→ **How to complete this task**
Copy out all of the lines below exactly; the pictures do not belong in the copy.

→ **Source data**
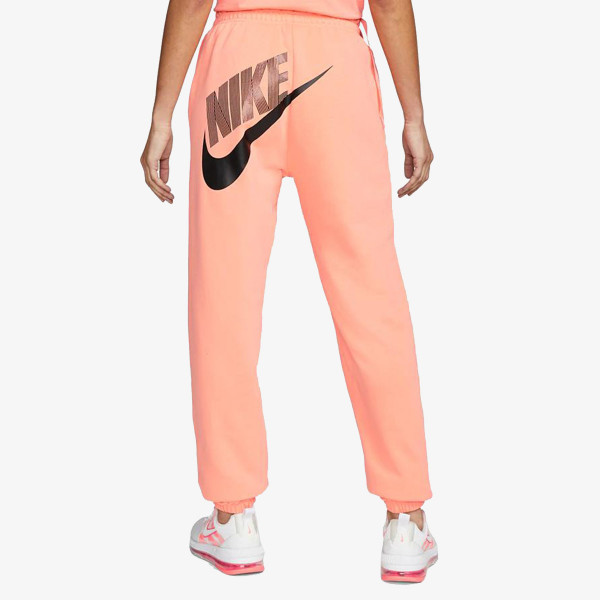 Nike Pantaloni de trening SPORTSWEAR 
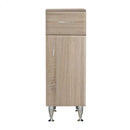Homelux 1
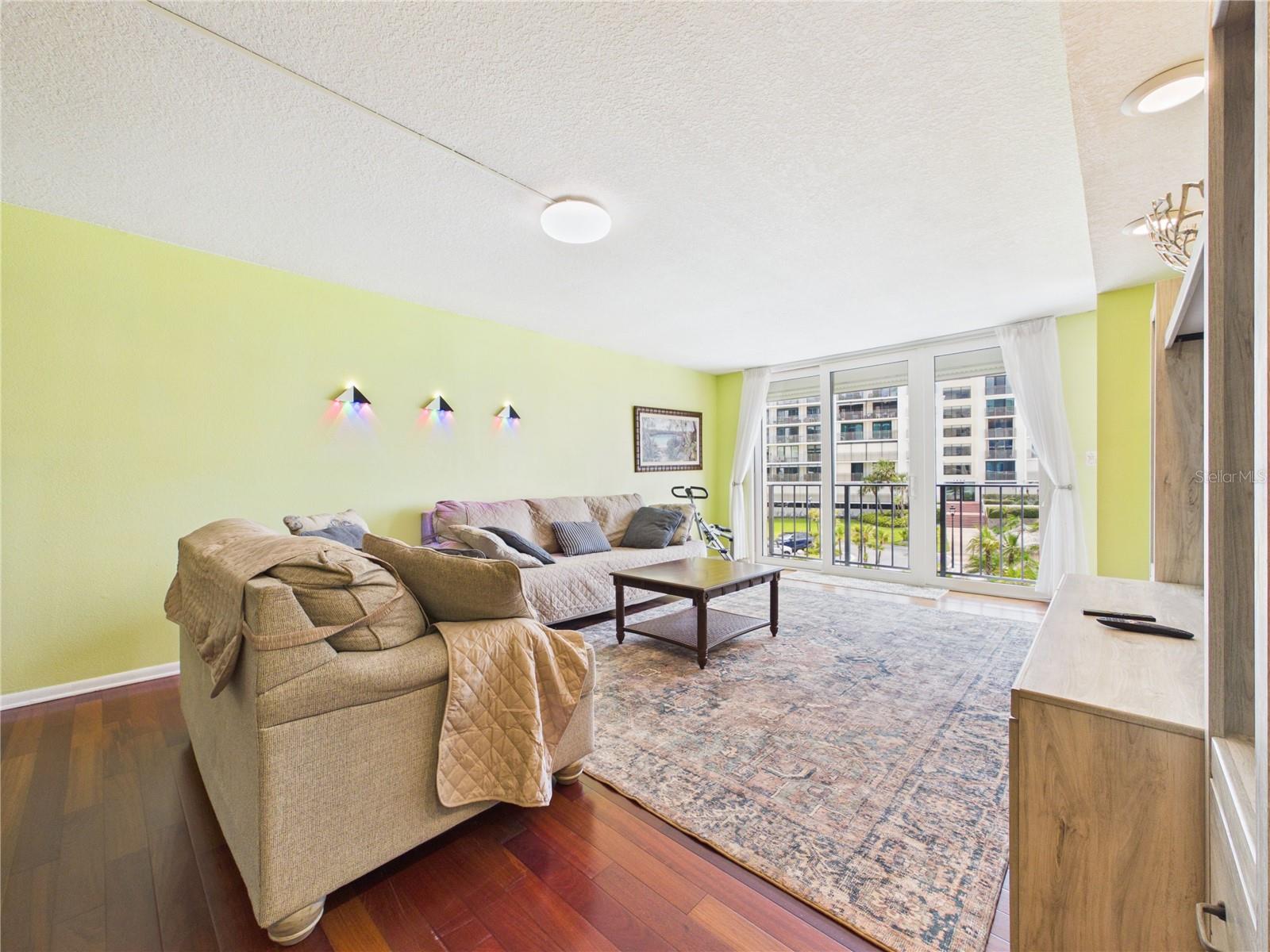 1400 GULF BLVD #212, CLEARWATER BEACH, FL — photo 5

→ **Output below**
 Nike Pantaloni de trening SPORTSWEAR 
Homelux 1
 1400 GULF BLVD #212, CLEARWATER BEACH, FL — photo 5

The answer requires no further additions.